Lo mismo hicieron siglos después actores franceses, que institucionalizaron la práctica conocida como claque. El poeta del siglo XVI Jean Daurat es visto como culpable de esta tendencia: compró un montón de boletos para su propia obra y se los entregó a gente que prometió aplaudir al final de cada función. A comienzos de la década de 1820, esta táctica se había institucionalizado, con una agencia en París que se especializaba en este servicio (En Gobierno urbano y el surgimiento de la ciudad francesa, el historiador William B. Cohen describe las intrincadas listas de precios que estos falsos aduladores entregaban a sus potenciales clientes: el aplauso educado costaba cierto número de francos, el entusiasta costaba otra cantidad y aquellos que interrumpían a un competidor tenían otro valor).
Al igual que el dispositivo Laff Box inventado en el siglo XX por Douglass -que permitía a su operador seleccionar entre carcajadas pregrabadas-, los claqueurs ofrecían un amplio rango de reacciones a las multitudes parisinas. Antes que pasara de moda, su práctica se extendió a Milán, Viena, Londres y Nueva York. El claque, tal como otros engaños, perdió su poder cuando la gente empezó a conocer sus trucos.
Una transformación
Y los aplausos en sí también evolucionaron. Las sinfonías y óperas se volvieron más serias, alineándose con la reverencia asociadas a las ceremonias religiosas. Con la llegada de la grabación de sonidos y de actuaciones, se acallaron aún más. Saber cuándo guardar silencio y cuándo aplaudir se volvió una señal de sofisticación, un nuevo código que las audiencias debían aprender.
Así perdió gran parte de sus tonalidades y sutilezas. Esos cambios también transformaron a quienes actuaban. El aplauso empezó a parecer menos un diálogo con una audiencia y más una bruta transacción con ella. "El punto -decía Gustav Mahler- no es considerar la opinión del mundo como una estrella guía, sino que seguir adelante en la vida y trabajar sin deprimirse por el fracaso o dejándose seducir por el aplauso". La palabra inglesa claptrap -que mezcla el término aplauso y trampa pero que significa "burrada"- surgió en los escenarios del siglo XVIII para referirse a un truco diseñado para generar aplausos.
De esta forma, el aplauso se volvió una expectativa más que una recompensa. Tal como se quejaba Bárbara Streisand, quien conoce la adoración pública: "¿Qué significa que la gente aplauda? ¿Debería darles dinero? ¿Decir gracias? ¿Levantarme el vestido?" Por otra parte, señaló la actriz, ante la falta de aplauso -lo inesperado- sí podía responder.
Pero ahora estamos devolviéndole los matices al aplauso.
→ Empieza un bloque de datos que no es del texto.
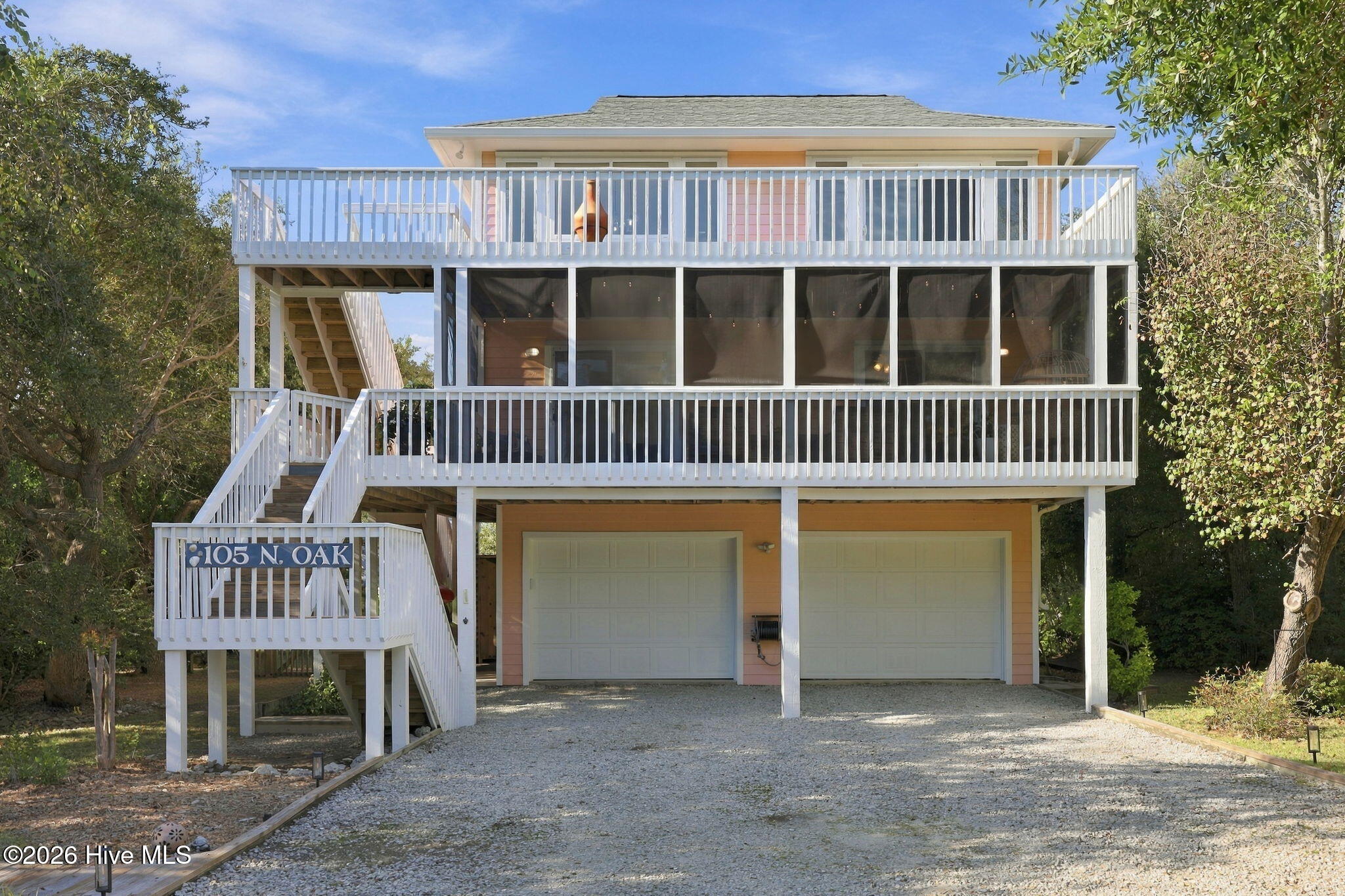 105 N Oak Drive — photo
Para eso usamos el mundo digital. Enlazamos y compartimos en oleadas a través de nuestras redes sociales. Dentro de la gran arena de internet, nos volvemos parte de la actuación simplemente por participar de ella, demostrando nuestra apreciación al amplificar y extender el show. Somos audiencia y actores a la vez; nuestro aplauso es parte del espectáculo y nos convierte en claqueurs.